Als Begründung beschreibt Jesus, wie schön die Lilien `gekleidet´ sind, die weder arbeiten noch sich Sorgen machen. Um die kümmert Gott sich auch: ER lässt sie wachsen und blühen – und weiß, dass auch wir essen, trinken und uns kleiden müssen (Matthäus 6, 31+32). Anstatt uns um diese Dinge zu sorgen, sollen wir uns um etwas anderes kümmern – und zwar um unser Inneres: „Trachtet zuerst nach dem Reich Gottes und nach seiner Gerechtigkeit, so wird euch alles das zufallen.“ (Matthäus 6, 33) Es geht Jesus darum, in welcher Gesinnung wir unseren täglichen Geschäften nachgehen: um Frieden bemüht und um Gerechtigkeit, voller Freude darüber, dass Gott uns liebt. Dann sorgt er für alles, was wir nötig haben. Und wenn uns doch etwas bedrückt, dürfen wir unsere Last bei Jesus loswerden: „Jesus, kümmere du dich um all das, was mir Bauchschmerzen bereitet.
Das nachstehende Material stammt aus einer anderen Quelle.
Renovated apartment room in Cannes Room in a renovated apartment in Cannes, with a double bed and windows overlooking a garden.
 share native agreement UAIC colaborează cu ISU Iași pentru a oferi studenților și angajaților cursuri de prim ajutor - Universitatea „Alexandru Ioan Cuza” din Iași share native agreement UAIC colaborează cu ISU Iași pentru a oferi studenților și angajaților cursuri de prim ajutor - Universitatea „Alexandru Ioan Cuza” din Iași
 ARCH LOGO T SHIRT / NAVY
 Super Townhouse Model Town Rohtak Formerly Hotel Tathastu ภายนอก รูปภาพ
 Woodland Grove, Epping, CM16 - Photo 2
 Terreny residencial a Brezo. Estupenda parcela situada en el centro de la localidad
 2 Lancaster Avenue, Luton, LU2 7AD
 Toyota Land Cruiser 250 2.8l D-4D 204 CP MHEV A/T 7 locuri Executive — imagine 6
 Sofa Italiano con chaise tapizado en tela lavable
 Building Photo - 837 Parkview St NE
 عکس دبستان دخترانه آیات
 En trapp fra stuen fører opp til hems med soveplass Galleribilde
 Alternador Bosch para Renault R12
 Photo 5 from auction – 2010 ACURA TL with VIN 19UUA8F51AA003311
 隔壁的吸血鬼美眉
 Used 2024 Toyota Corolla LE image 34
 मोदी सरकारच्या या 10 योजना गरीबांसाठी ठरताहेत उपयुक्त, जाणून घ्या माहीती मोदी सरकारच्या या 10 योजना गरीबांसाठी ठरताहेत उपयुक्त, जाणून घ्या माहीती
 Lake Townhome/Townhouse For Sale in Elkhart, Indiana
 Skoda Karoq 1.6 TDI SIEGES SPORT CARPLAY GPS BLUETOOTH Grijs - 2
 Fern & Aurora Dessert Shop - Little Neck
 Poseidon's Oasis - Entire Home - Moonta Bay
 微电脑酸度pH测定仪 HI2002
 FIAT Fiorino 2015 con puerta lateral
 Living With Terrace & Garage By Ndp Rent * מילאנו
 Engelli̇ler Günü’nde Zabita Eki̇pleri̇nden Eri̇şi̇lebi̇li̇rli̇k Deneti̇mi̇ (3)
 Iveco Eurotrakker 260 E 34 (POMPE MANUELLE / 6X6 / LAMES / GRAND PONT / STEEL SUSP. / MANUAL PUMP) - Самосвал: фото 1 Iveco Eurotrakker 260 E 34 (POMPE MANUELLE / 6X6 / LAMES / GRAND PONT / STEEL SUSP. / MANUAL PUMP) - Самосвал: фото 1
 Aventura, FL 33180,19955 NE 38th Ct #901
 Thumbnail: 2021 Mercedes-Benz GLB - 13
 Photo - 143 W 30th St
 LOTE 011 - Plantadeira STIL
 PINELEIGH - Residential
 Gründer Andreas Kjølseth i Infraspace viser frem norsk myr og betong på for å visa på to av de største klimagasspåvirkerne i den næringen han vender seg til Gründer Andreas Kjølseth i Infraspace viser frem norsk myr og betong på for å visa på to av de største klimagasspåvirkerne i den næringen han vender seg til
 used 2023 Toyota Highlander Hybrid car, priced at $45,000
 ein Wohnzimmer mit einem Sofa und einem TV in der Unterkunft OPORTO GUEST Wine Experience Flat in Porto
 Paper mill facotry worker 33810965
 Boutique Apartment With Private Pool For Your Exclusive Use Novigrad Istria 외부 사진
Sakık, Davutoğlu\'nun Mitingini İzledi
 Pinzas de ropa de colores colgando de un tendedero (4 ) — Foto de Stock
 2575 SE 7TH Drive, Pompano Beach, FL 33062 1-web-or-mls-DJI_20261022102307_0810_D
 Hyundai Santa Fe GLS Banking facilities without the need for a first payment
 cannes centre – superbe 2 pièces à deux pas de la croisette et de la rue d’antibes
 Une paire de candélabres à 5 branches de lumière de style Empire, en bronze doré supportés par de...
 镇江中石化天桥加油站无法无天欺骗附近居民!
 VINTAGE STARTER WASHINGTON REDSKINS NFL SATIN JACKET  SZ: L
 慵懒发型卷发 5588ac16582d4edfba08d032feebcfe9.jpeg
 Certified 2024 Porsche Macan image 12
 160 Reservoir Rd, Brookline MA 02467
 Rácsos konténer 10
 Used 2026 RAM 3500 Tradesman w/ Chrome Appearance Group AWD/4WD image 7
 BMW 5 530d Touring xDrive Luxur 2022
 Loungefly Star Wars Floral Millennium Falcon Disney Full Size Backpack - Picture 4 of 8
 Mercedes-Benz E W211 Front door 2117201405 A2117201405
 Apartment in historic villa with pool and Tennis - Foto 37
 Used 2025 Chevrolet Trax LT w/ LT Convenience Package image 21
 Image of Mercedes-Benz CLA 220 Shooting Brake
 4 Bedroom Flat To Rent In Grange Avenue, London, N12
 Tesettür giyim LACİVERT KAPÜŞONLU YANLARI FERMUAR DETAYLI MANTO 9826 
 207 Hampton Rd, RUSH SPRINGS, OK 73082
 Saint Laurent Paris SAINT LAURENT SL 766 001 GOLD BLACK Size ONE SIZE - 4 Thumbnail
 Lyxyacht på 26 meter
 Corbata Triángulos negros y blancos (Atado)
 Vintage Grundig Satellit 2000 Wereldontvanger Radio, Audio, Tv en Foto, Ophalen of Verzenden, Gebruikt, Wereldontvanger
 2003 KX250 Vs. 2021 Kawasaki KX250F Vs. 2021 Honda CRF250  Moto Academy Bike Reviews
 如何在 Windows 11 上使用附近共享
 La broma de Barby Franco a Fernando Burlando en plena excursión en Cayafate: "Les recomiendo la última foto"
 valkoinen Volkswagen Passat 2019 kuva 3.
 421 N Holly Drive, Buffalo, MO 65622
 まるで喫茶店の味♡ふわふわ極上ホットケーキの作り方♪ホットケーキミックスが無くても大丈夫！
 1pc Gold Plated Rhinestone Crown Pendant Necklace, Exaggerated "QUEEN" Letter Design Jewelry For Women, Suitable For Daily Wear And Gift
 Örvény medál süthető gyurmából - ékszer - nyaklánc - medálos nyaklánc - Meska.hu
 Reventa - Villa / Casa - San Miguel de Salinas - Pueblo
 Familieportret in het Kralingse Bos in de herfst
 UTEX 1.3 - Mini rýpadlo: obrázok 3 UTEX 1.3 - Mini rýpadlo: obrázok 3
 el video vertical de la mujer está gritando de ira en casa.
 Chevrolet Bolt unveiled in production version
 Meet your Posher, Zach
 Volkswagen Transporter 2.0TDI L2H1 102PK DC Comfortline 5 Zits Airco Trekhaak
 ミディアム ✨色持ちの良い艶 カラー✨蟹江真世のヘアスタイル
Ich sorge für das, was mir möglich ist – und erbitte dafür deinen Frieden, deine Gerechtigkeit und deine Freude.“

Zu langsam? Nö!

Meine Tochter muss in der Schule 1.000 Meter auf Zeit laufen. Im Probelauf ist sie zu langsam für 15 Punkte, obwohl sie trainiert ist und sich anstrengt. Mit der erlaufenen Zeit ist sie daher nicht zufrieden, hält es aber für unwahrscheinlich, innerhalb von zwei Wochen 20 Sekunden schneller zu werden. Dennoch übt sie (auf gerader Strecke in der Feldmark) – und ist ebenso `langsam´ wie im Probelauf. Wir ermutigen sie, trotzdem nicht aufzugeben. Eine Straßenrunde bei uns in der Siedlung passt von der Länge her; einen Tag vor der Benotung übt sie ein letztes Mal. Diesmal fehlen meiner Tochter zwei Sekunden. Das macht sie zuversichtlich: Sie hat jetzt ein gutes Gefühl für die Strecke und weiß, welches Tempo nötig und gleichzeitig für sie möglich ist.

Am nächsten Tag unterbietet sie die geforderte Zeit um zehn Sekunden – und ist insgesamt eine halbe Minute schneller unterwegs als vor zwei Wochen. Ich finde das beachtlich und freue mich für meine Tochter. Sie weiß jetzt, dass deutlich mehr in ihr steckt, als sie manchmal denkt – sowohl Muskelkraft als auch mentale Stärke.